#### Assigned task
Would you print the lines below exactly, beginning at the line that has "Frost weiß Gebraucht" and stopping after the line that has "Gugu Sag S- W7"? Only those lines, and no pictures.

#### Record excerpts
+--

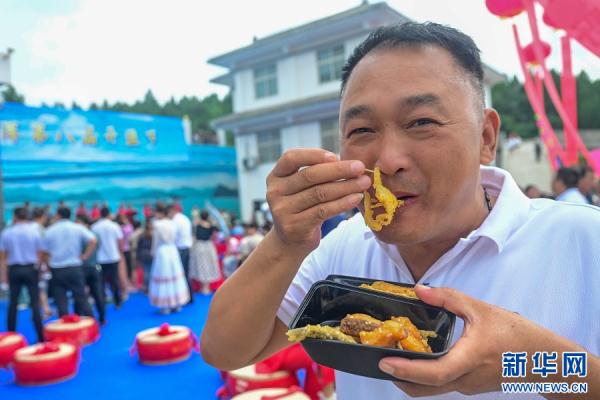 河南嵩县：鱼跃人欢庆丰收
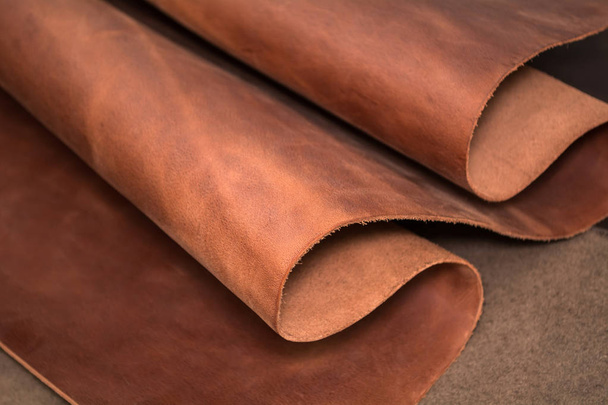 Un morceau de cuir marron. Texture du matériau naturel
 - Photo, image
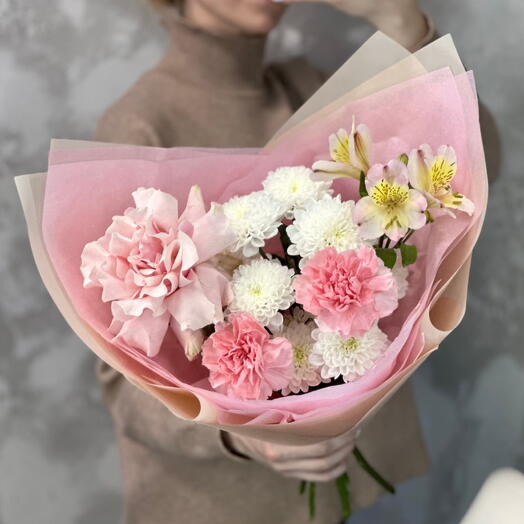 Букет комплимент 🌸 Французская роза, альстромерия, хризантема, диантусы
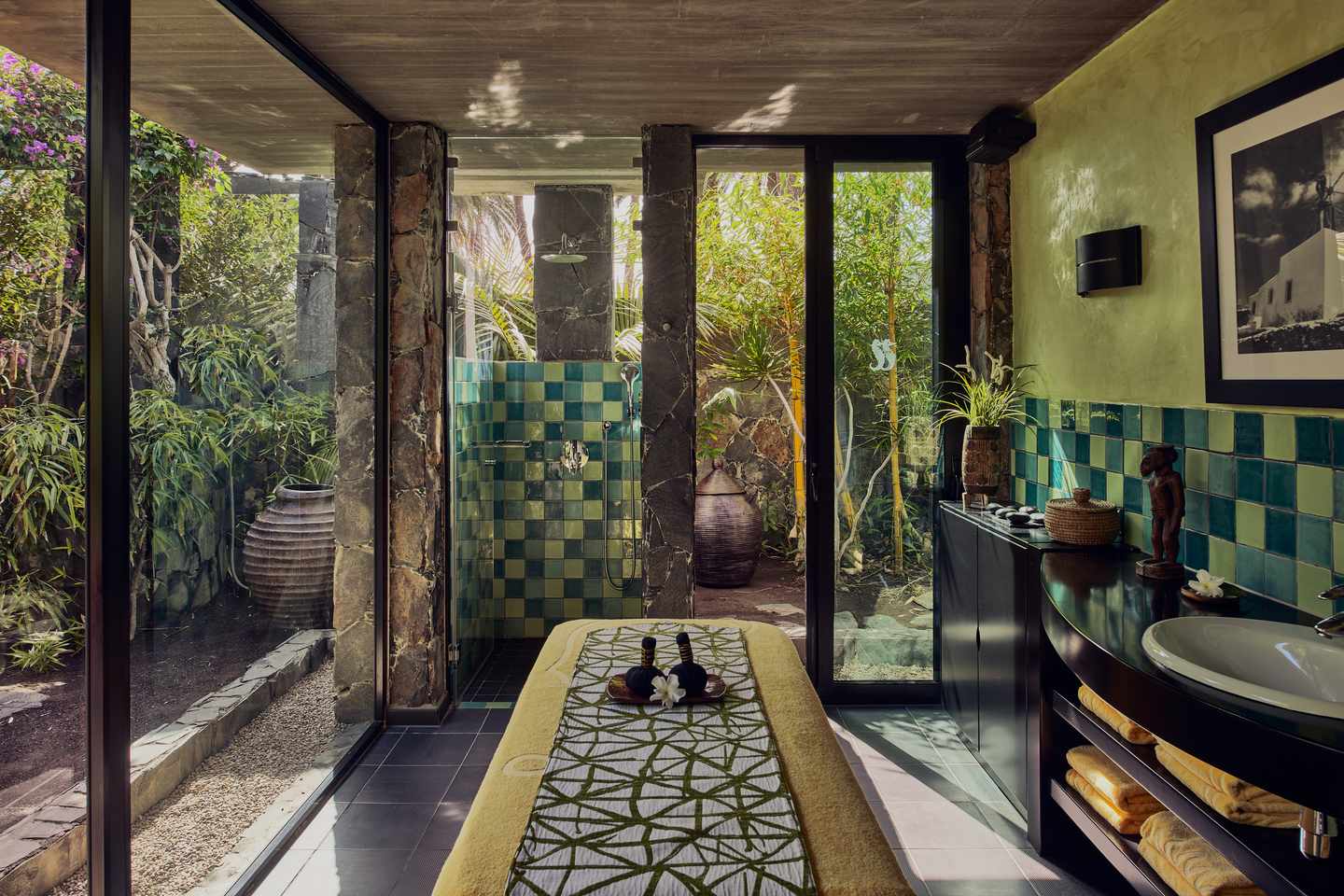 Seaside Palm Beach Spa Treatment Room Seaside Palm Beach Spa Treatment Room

+--

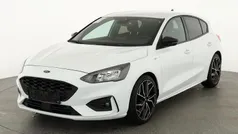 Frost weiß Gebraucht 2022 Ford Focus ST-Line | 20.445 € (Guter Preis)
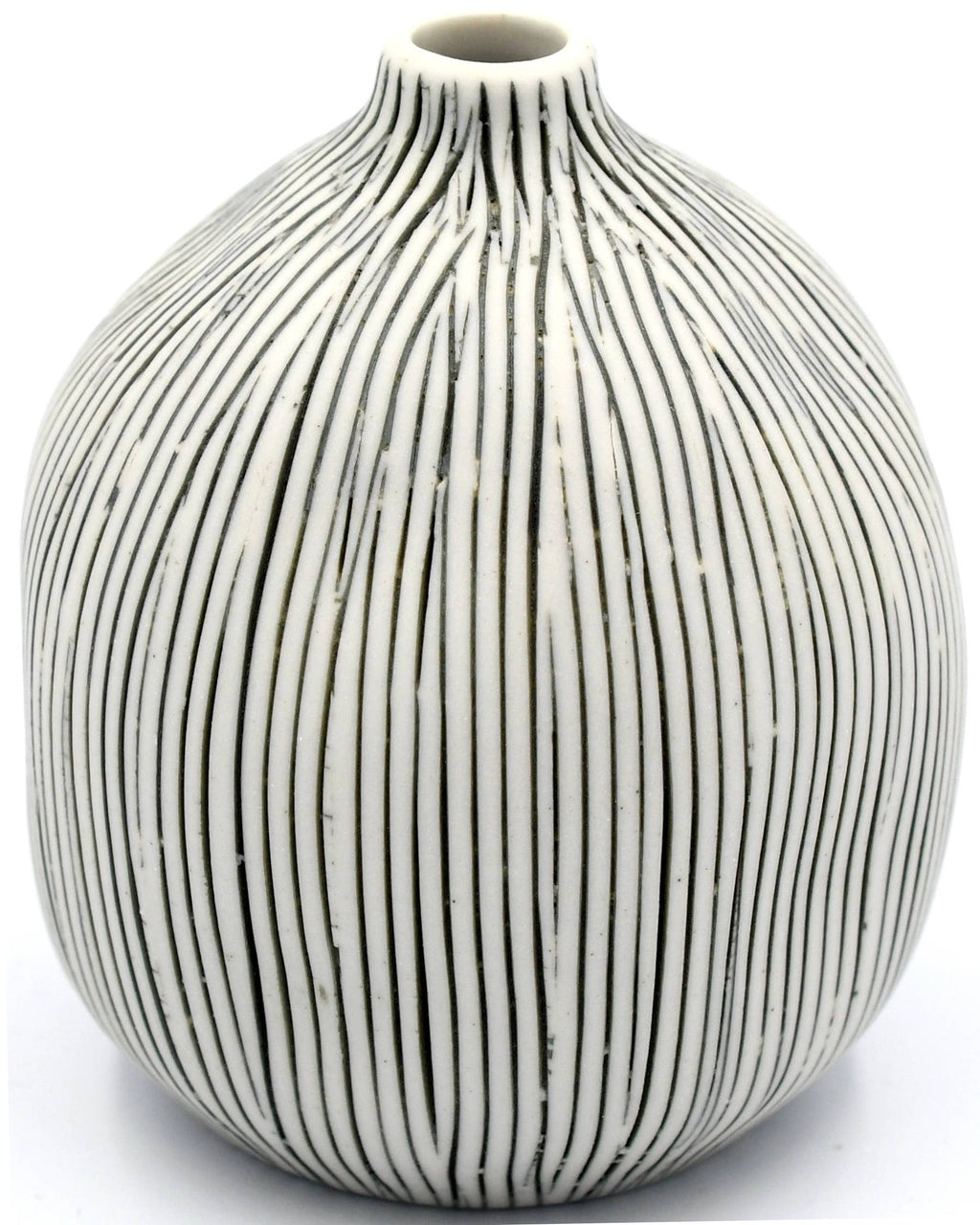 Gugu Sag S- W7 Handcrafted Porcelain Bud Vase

+--

#### Result for this task
 Frost weiß Gebraucht 2022 Ford Focus ST-Line | 20.445 € (Guter Preis)
 Gugu Sag S- W7 Handcrafted Porcelain Bud Vase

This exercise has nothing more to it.